I have seen very nice flame curly and pillow wood on Warmoth bodies for not al that much,
($225-$350) but i guess Fender isnt selling them for those prices
I have just never known there was such a thing as
Photoflame till just this week,........you learn something
new all the time, it kind of hit me weird like when i found out
new Les Pauls were chambered
Were you surprised when the panels on your Country Squire wagon weren't real wood?
Photoflame guitars were around $450 when new, IIRC. A bolt on PRS at that point was around $1,500.
Several guitars in different colors
Things to make them fuzzy
Things to make them louder
orange picks
I own one too, exactly as Sage described. It was a birthday present that I got around 95-96. I still have it becasue it's sentimental to me now (it was my first strat, first 'real' guitar) but if I came across it today, i would keep looking. Nothing aginst the guitar, its just that I think there may be better options for me persoanlly. Its sturdy and it sounds great too...for what it's worth....
I had a blue Photoflame Strat, back in '93. As I was young and naive, I didn't know it was a decal, and I thought it was real wood.
Imagine my surprise when my roadie dropped the guitar on an asphalt incline (not his fault, the case opened unexpectedly) and the "grain" started to come off! Oh well... always read the fine print!
I really liked the neck on mine, maple, with 22 jumbo frets, but it was very, very "unstable". The neck would twist and warp at the slightest change in humidity, I've never owned a guitar that problematic.
I put EMGs in it, and eventually sold it because it was just too hard to keep properly adjusted.
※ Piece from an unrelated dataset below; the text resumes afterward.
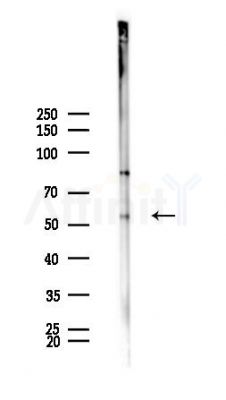 KRT81/86 Antibody - Western blot analysis of lysates from Rat brain, using KRT81/86 Antibody at 1/1000 dilution.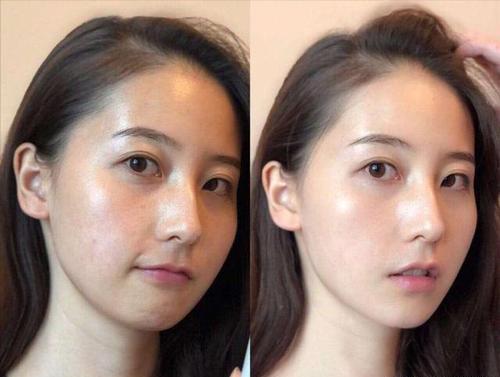 娲昏鍖栫榾鐨勪腑鎴愯嵂鍙互娣″寲鏂戠偣,娲昏鍖栫榾鍏婚鑽湁鍝簺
they are actually not very common,if its in good shape and plays well id be happy with it...
I have a Photoflame Telecaster, and it's really nice. It doesn't feel quite as sumptuously finished as my '52 vintage re-issue, but it sounds very well indeed. If anything, it has a more gutsy sound.
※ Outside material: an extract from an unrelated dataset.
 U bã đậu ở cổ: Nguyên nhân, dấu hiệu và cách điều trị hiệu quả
Mine has a pearl pickguard, but I replaced that myself. Originally, it was the same as a MIJ 50's Telecaster, with a 'V' shaped matt-finished maple neck (quite darkly stained) and a single-ply white pickguard.
The switchgear is quite poor and needs replacing - it crackles a bit now, but the pickups and the medium-weight, poly gloss-finished body sound great.
I bought it because I liked it then, and I still like it now, and wouldn't part with it.